**Your task:**
Find "Cerave Locion Protectora" in the material below, then write out that line and every line after it exactly, ending with the last one; skip the pictures.

**Records shown:**
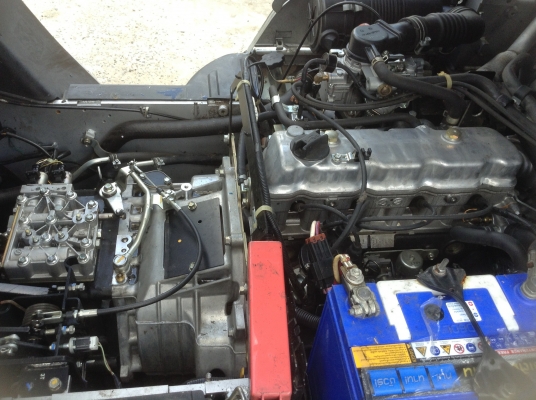 +++ ขายโฟล์คลิฟท์ NISSAN FG25 (รุ่นใหม่) สภาพ 90 \% ชม. การทำงาน 3,900 ชม. ขนาด 2.5 ตัน เครื่องยนต์เบนซิน ติดแก๊ส เสา 3 เมตร เกียร์ออโตเมติค ยางตันใหม่ครับ รับประกันเครื่อง + เกียร์ +++ ขายโฟล์คลิฟท์ NISSAN FG25 (รุ่นใหม่) สภาพ 90 \% ชม. การทำงาน 3,900 ชม. ขนาด 2.5 ตัน เครื่องยนต์เบนซิน ติดแก๊ส เสา 3 เมตร เกียร์ออโตเมติค ยางตันใหม่ครับ รับประกันเครื่อง + เกียร์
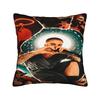 J-JustinS B-Bieber Pillow Case  Square Pillow Cover Cute Funny Cushion Cover For Couch Sofa Bedroom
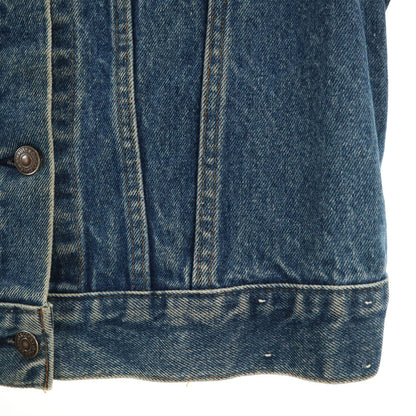 Levi's 70s Vintage Trucker Denim Jacket Washed Blue Size L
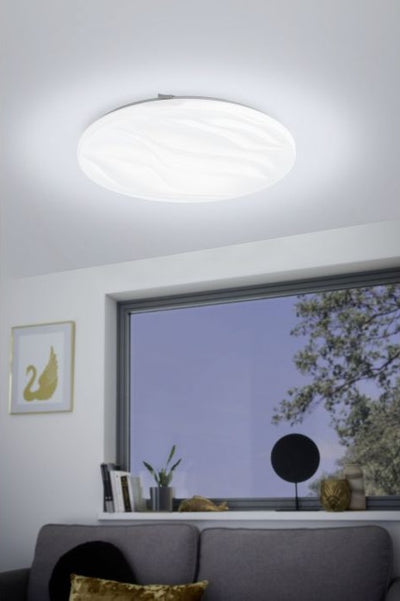 Benariba Plafoniera soffitto LED 2500 lumen bianco caldo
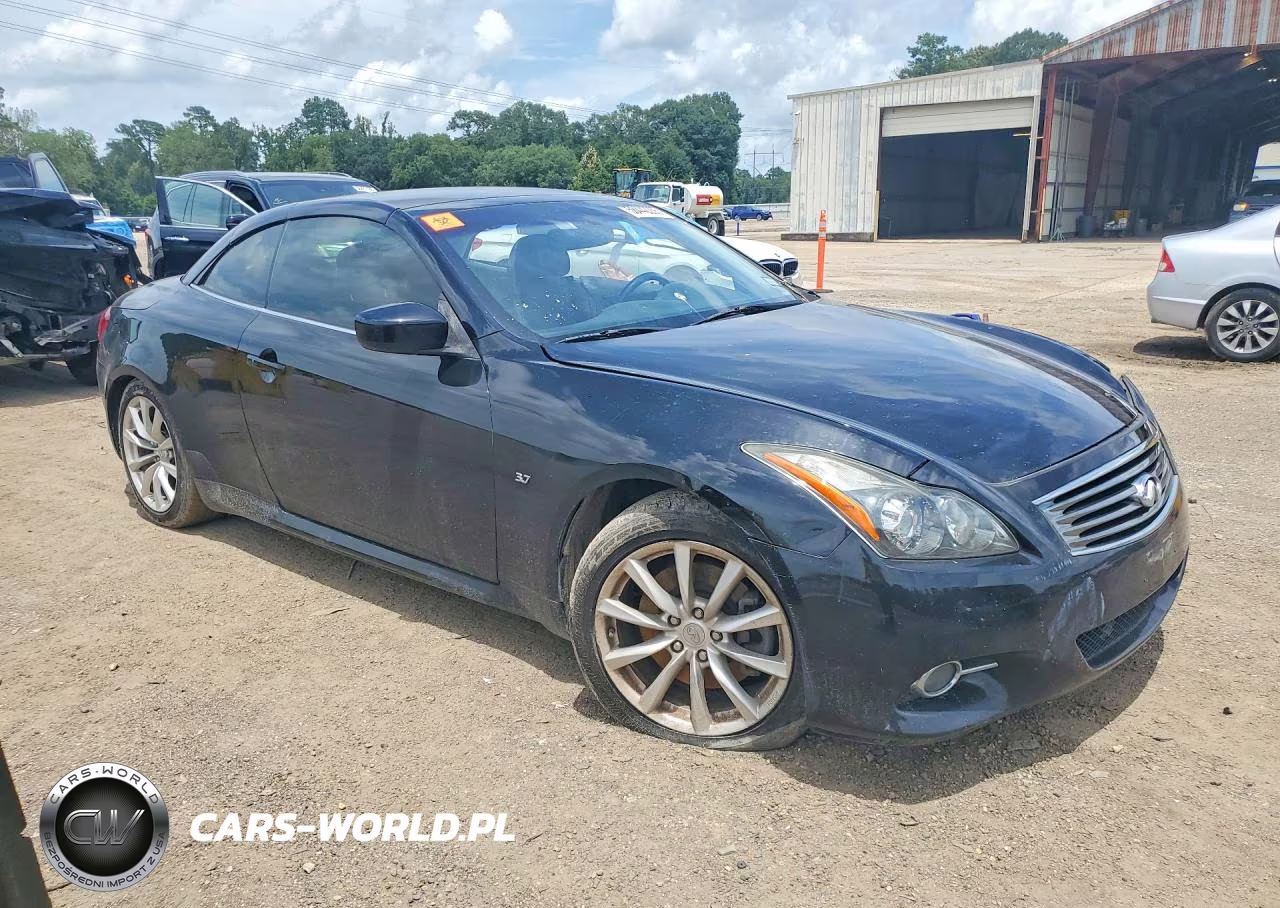 2015 Infiniti Q60 Convertible Base VIN:JN1CV6FE1FM810147 - 4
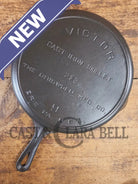 1920’s Griswold’s Victor #9 Skillet with Heat Ring 723. A favorite of ours in the kitchen - Skillet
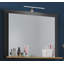 Elverda Flat Mirror with Shelves-285018871-285018873
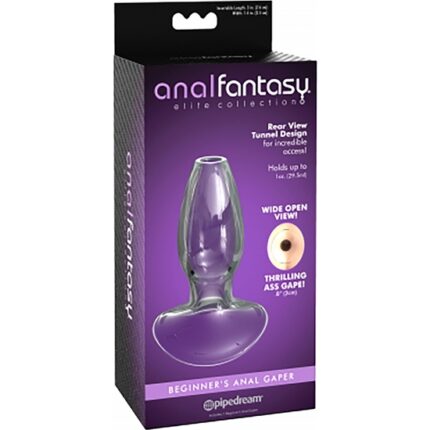 ANAL FANTASY - PLUG ANAL DE CRISTAL - 002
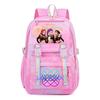 Kpop Witch Hunters Cartoon Backpack Girl Student Large Capacity School Bag Elementary School Student Backpack Lightweight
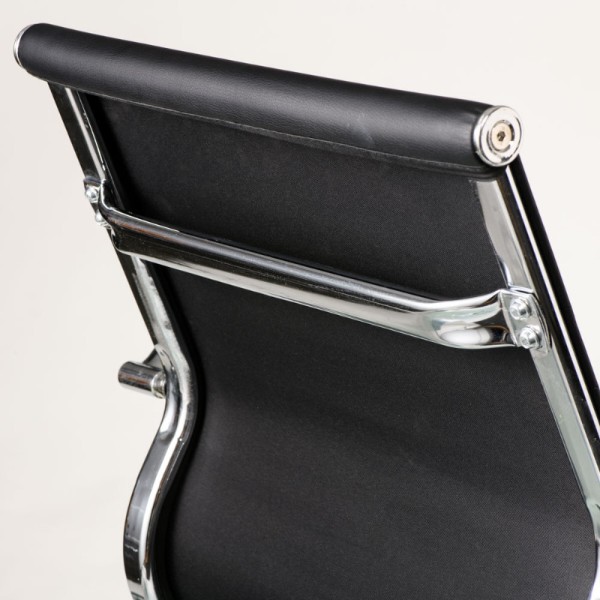 Фото - Крісло офісне Special4You Solano 2 Office Artleather Black (E7108)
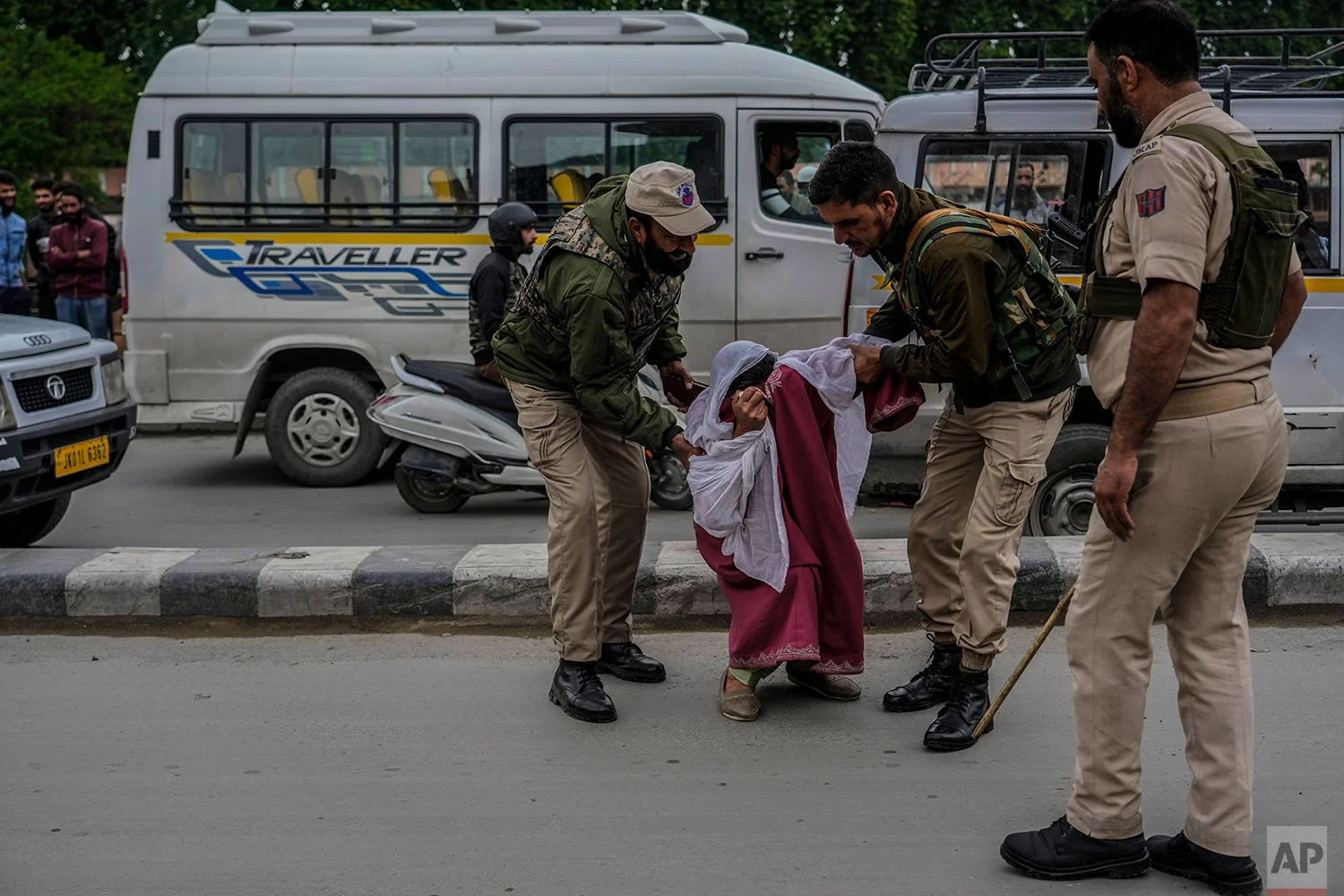 India Kashmir Mental Health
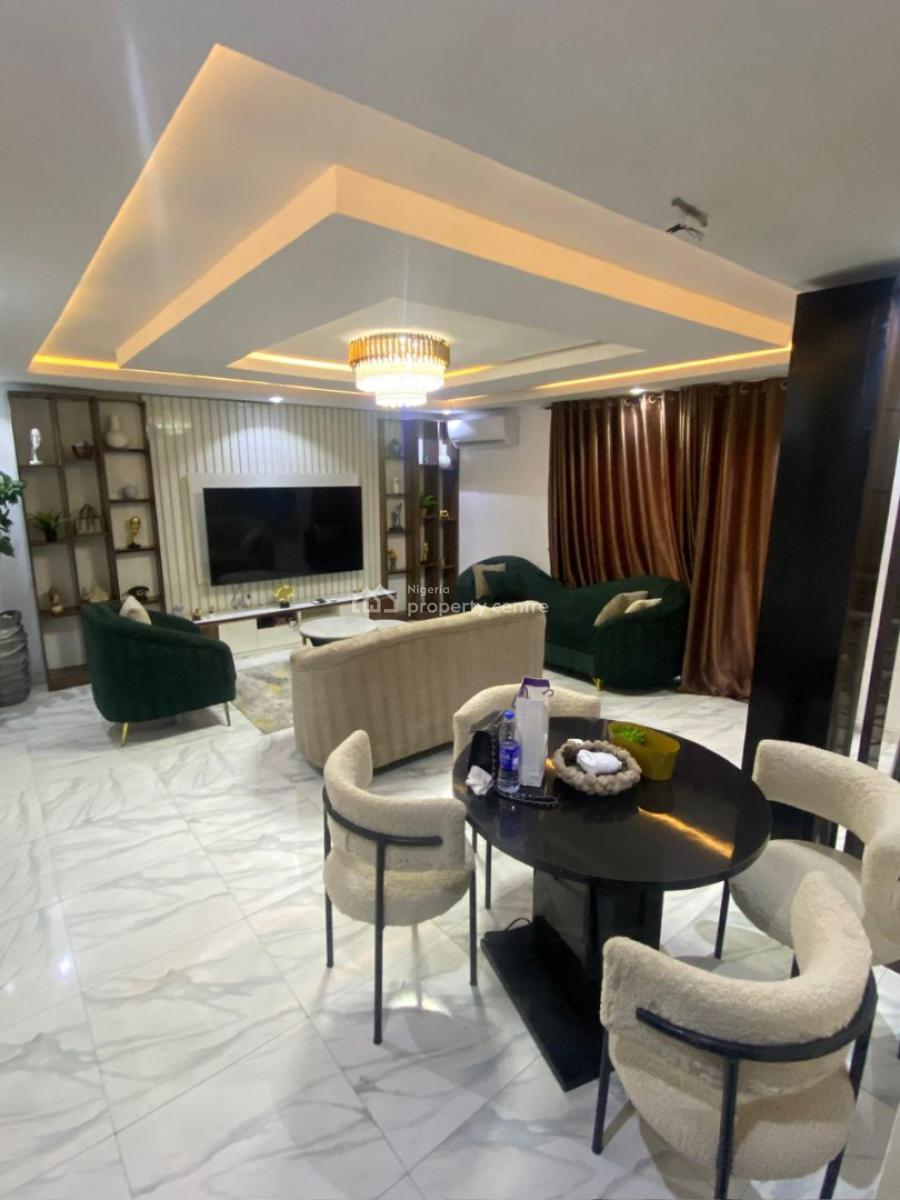 Showers of Comfort in a 4-bedroom Terraced Duplex Plus Bq, Orchid Road, Lekki, Lagos, Terraced Duplex for Sale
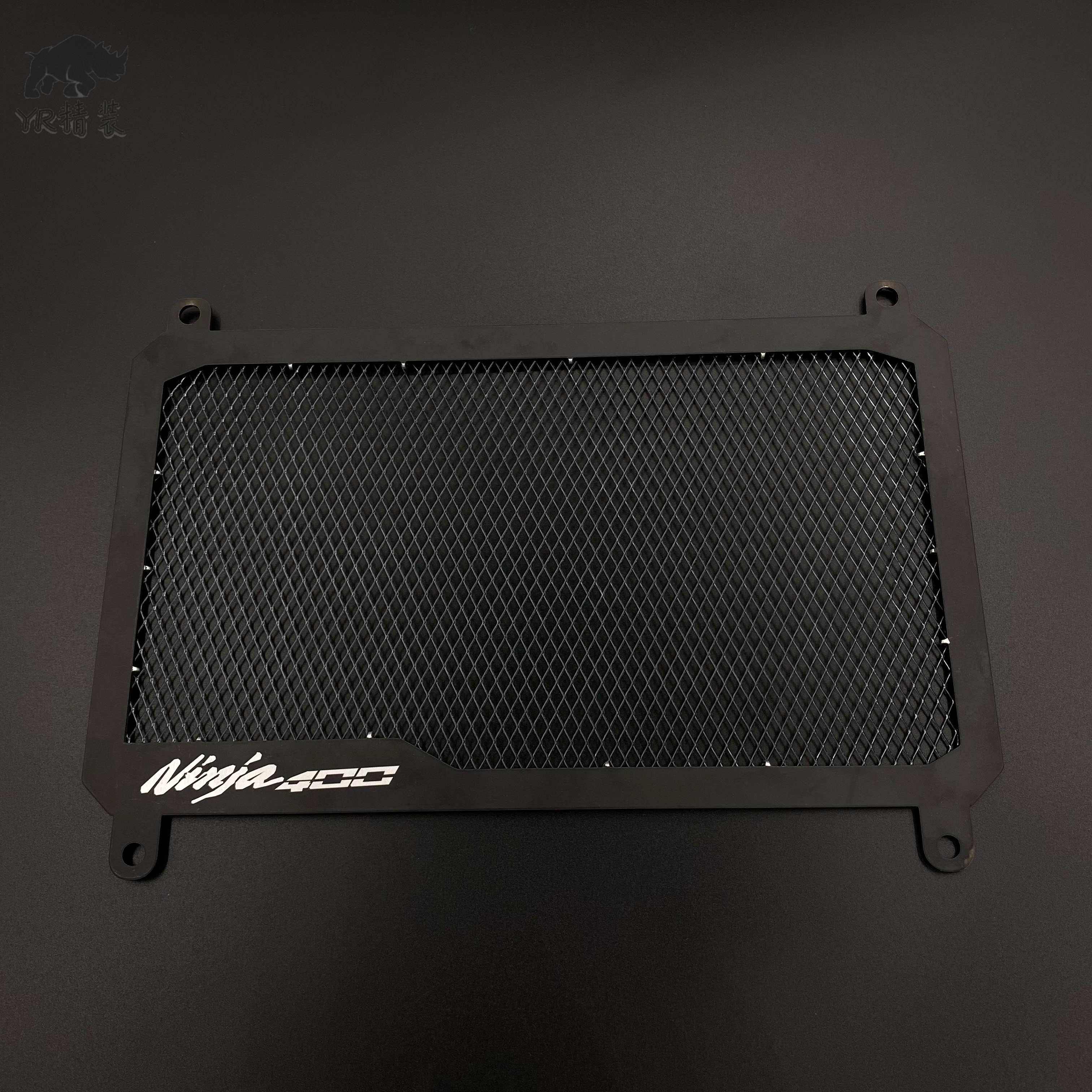 Suitable for Kawasaki Ninja 400 Ninja400 Z400 modified accessories heat dissipation protection stainless steel water cooling net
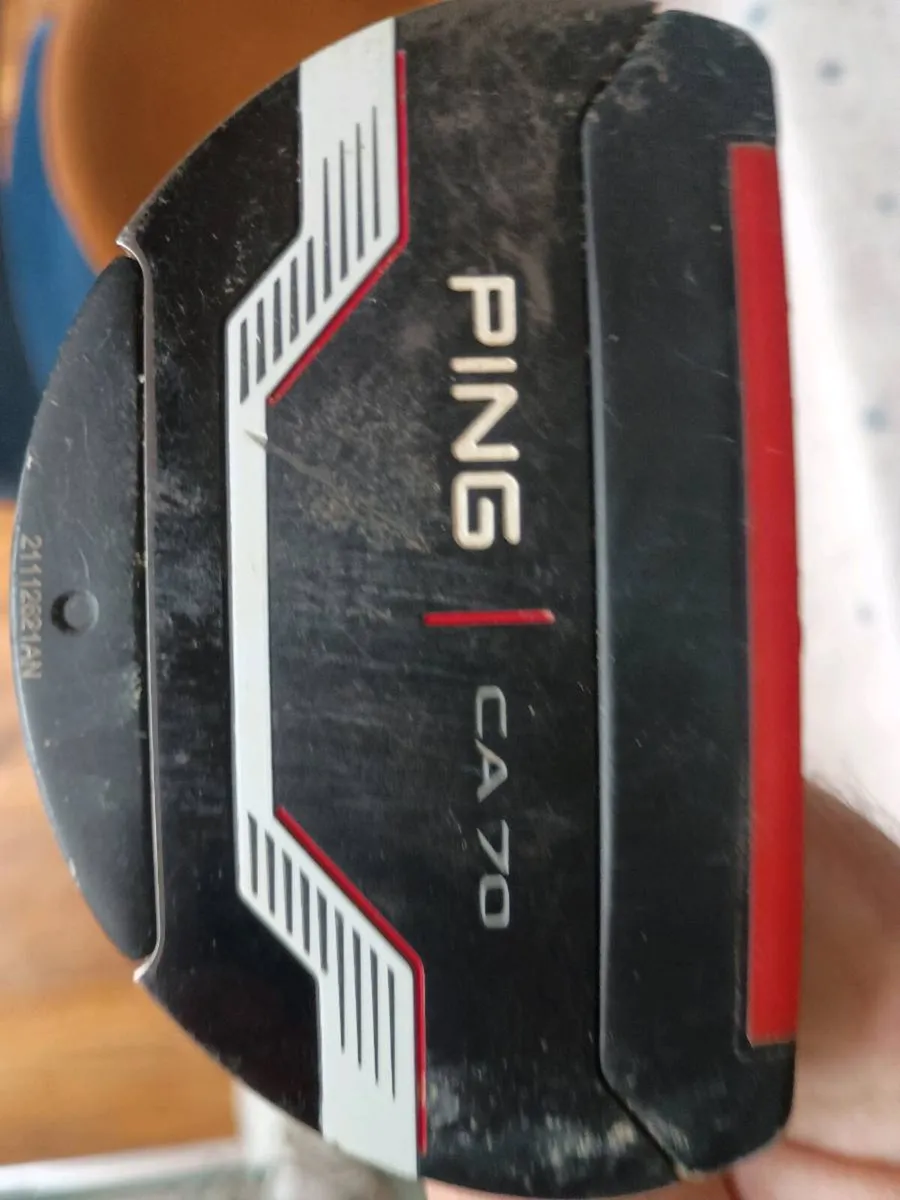Driver and putter - Image 1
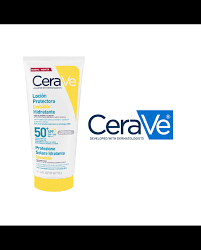 Cerave Locion Protectora Invisible Hidratante SPF50+, 177ml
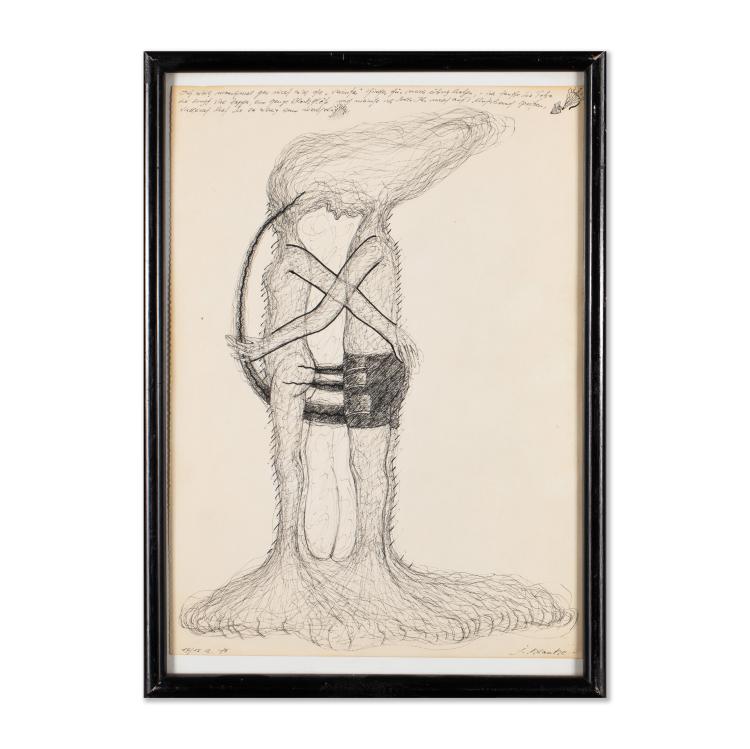 Bild 1 zu Objekt, Ohne Titel, 1975, J&uuml;rgen Klauke, K-17 316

**Exercise result:**
 Cerave Locion Protectora Invisible Hidratante SPF50+, 177ml
 Bild 1 zu Objekt, Ohne Titel, 1975, J&uuml;rgen Klauke, K-17 316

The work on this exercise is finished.